Forse uno dei dibattiti più accesi che sono attualmente in risalto in Italia è quello della cittadinanza per i figli di emigrati nati in Italia. Le opinioni sul tema sono molteplici e non sempre coerenti e composte, ma esso è indubbiamente un chiaro segnale di un’Italia che è cambiata e che continua a cambiare. Cittadini quindi per diritto di sangue, cioè per discendenza, o perché si nasce su un territorio? Parte da qui il dibattito sui cosiddetti “ius soli” e “ius culturae”, latino da giuristi calato nei titoli dei giornali. Il tema è certamente serio: chiama in causa il Paese che si vuole diventare, ma, a giudicare dalle modalità, si direbbe che il nostro sia stato finora un dibattito “di scuola”, condotto dando per scontato che le due alternative, sangue e suolo, siano secche, automatiche e prive di possibili correttivi. La realtà invece è un po’ più articolata e complessa.
Ma prima di guardare alla realtà italiana è bene considerare dove lo ius soli è legge vigente da decenni. Gli Stati Uniti e il Canada sono Paesi in cui ancora esiste la legge del ius soli. I figli e nipoti di italiani emigrati, come pure da altre nazioni, nati negli Stati Uniti e nel Canada per decenni sono legalmente cittadini americani o canadesi dal momento in cui sono nati nel suolo americano o canadese. Grazie a questa legge, i figli e nipoti si sentono parte delle rispettive società poiché godono ugualmente come tutti gli altri di tutti i diritti di cittadinanza. Naturalmente vi sono stati e vi sono abusi, per cui ci sono stati e vi sono parecchi casi di “birth tourism” cioè turismo per le nascite, in altre parole di donne in attesa che vanno in Canada o negli Stati Uniti per il solo motivo di far nascere lì i loro figli per far sì che abbiano la cittadinanza canadese o americana. Per risolvere questo problema, i rispettivi governi non si sono ancora impegnati pienamente.
Ma come funziona davvero oggi in Italia e come potrebbe funzionare, qualora si scegliesse la strada dello ius soli, l’acquisizione della cittadinanza italiana?

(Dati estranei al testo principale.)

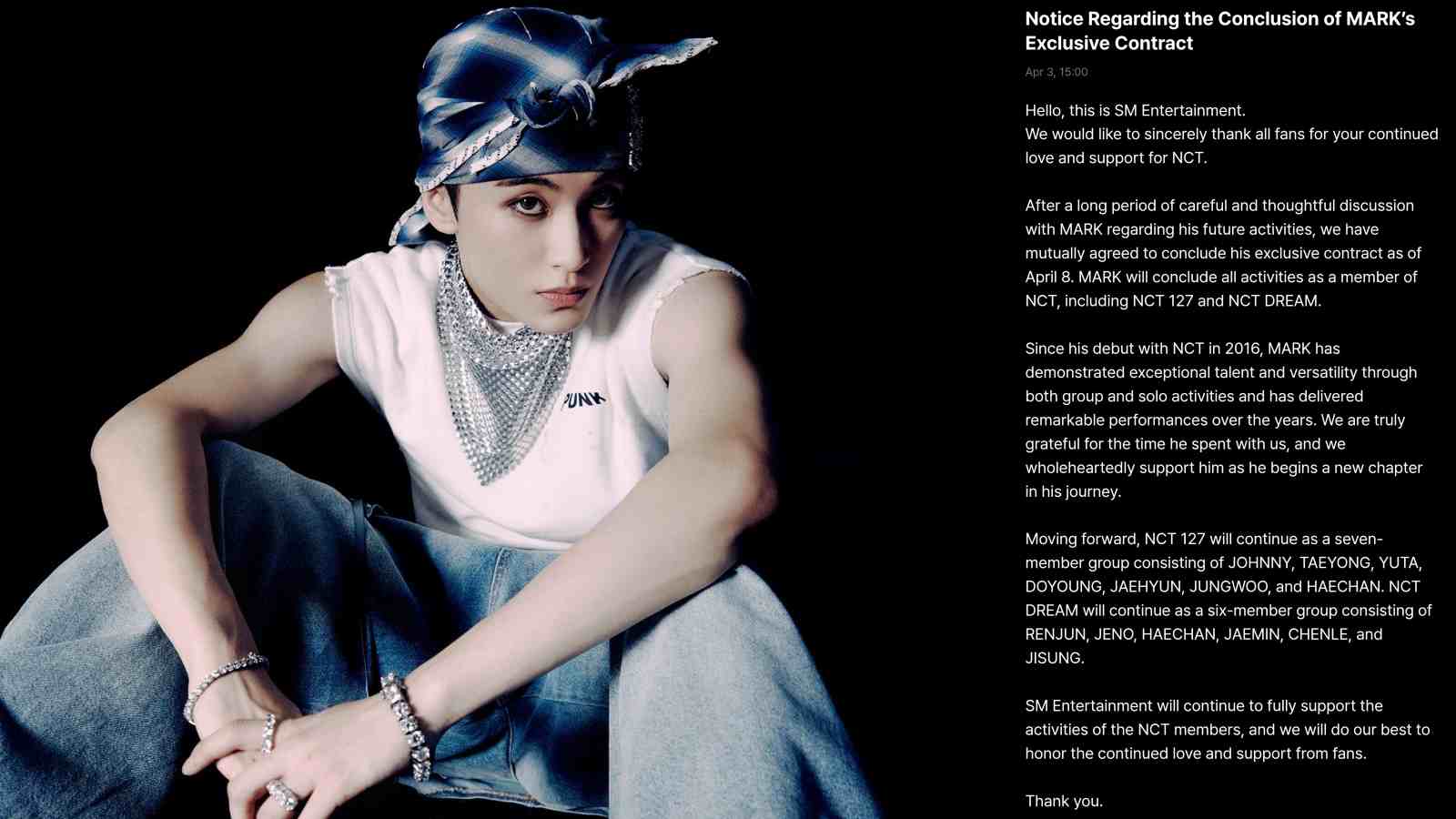 Mark Lee ends his NCT career and leaves SM Entertainment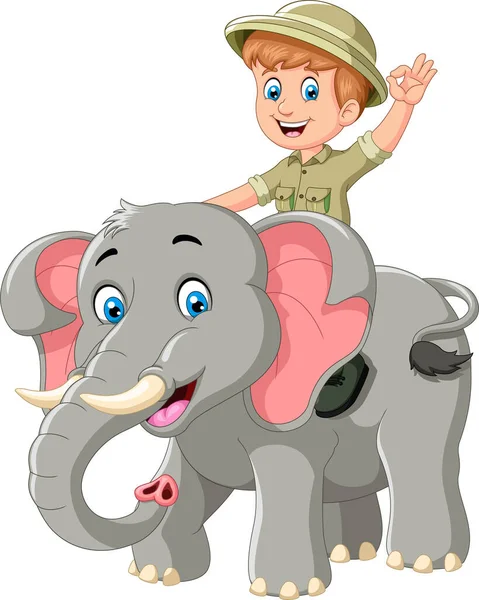 Egy Elefánton Lovagló Régész Illusztrációja — Stock Vector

Secondo le leggi che disciplinano attualmente la cittadinanza (Legge n.91/92 e Dpr n. 572 del 1993) oggi si è automaticamente italiani se si nasce da un genitore italiano ovunque nel mondo. Oppure se si nasce in Italia da ignoti, da apolidi, o da genitori che provengono da un Paese che non dà la cittadinanza ai figli dei propri cittadini nati all’estero. Tutti gli altri hanno la cittadinanza del Paese d’origine dei genitori, a meno che non vengano adottati o riconosciuti da un italiano o che non diventi cittadino italiano il genitore con cui convivono. Detto questo la cittadinanza si può acquisire, nei casi previsti per cittadini stranieri di nascita se si hanno requisiti specifici troppo numerosi da elencare qui.
Tutto questo determina dei paradossi. Per esempio, fa meno fatica a diventare cittadino italiano un adulto che abbia sempre vissuto altrove, senza legami effettivi con il territorio italiano, se ha un nonno che sia stato cittadino italiano per nascita (il caso dei calciatori cosiddetti oriundi), rispetto a un ragazzo nato in Italia da genitori stranieri, che abbia sempre vissuto qui e non sappia nulla del suo Paese d’origine. Se al primo bastano tre anni di residenza legale in Italia, il secondo deve aspettare la maggiore età. E allora lo “ius soli”? Se, come si è visto l’automatismo delle ius sanguinis determina dei paradossi anche lo ius soli se applicato in automatico potrebbe determinarne. Se bastasse nascere in Italia per essere considerati italiani, senza altri correttivi, il Paese divenendo di fatto appetibile per le madri straniere in attesa, potrebbe diventarlo “sinistramente” anche per i criminali che traggono illeciti guadagni dalla tratta di esseri umani.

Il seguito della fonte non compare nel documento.